Review of a Large-Scale Pacific Rat Eradication Attempt from an Uninhabited World Heritage Site: Project Approach, Lessons Learnt, and Future Directions
- Author(s): Hall, Jonathan
- Stringer, Clare
- Kelly, John
- et al.
Published Web Locationhttps://doi.org/10.5070/V426110584
The United Kingdom’s Overseas Territories support the vast majority of the globally threatened species for which the UK is responsible. Henderson Island (43 km²), located in the South Pacific and part of the Pitcairn Islands group, is a near-pristine example of a raised coralline atoll and is internationally recognized as a UNESCO World Heritage Site. Pacific (Polynesian) rats, introduced by Polynesian settlers about 700 years ago, have been implicated in the long-term decline towards extinction of the Henderson petrel, the loss of huge numbers of breeding seabirds from the island, and the extinction of endemic species. The eradication of Pacific rats is the only viable management option open to prevent the eventual extinction of the Henderson petrel and is a vital action in maintaining the Outstanding Universal Value of this World Heritage Site.

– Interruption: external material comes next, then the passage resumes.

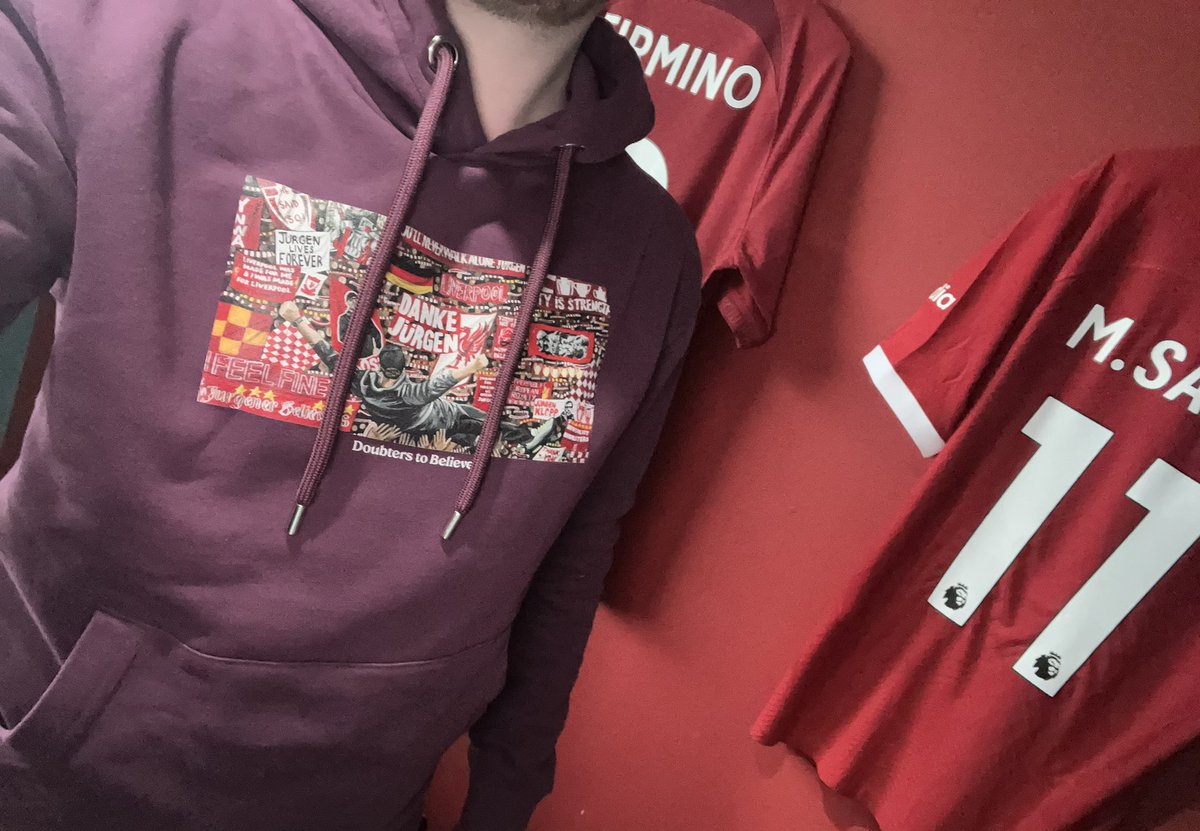 BenSHurrell's tweet photo. @TheRedmenTV x @rudkin_abigail 

Had to order the hoodie 😮‍💨 https://t.co/acq6xs0mCi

The Royal Society for the Protection of Birds (RSPB), in partnership with the Government of the Pitcairn Islands, undertook a multi-year program of planning, fundraising, and partnership-building work which culminated in a GBP£1.5m (USD$2.4m) aerial bait dispersal operation in 2011. The work was carried out in August 2011 as part of an international “chain” of eradication operations (Palmyra Atoll, USA, and Enderbury and Birnie, Kiribati) carried out in succession. Seven months after completion of the operation, in March 2012, the first report of a rat sighting was received. This report was verified by a rapid response mission to the island in May 2012, followed by a further expedition to Henderson in November to assess the status of rat and bird populations. Concurrently, the RSPB began an evaluation process, commissioning 3 independent reviews of the entire operation in an effort to identify potential reasons for failure and maximize lessons learnt for the global eradication community. We conclude that a rigorous yet flexible planning process that engages both international expertise and local communities is essential. We make recommendations for consideration in the planning of future operations on Henderson and similar islands worldwide.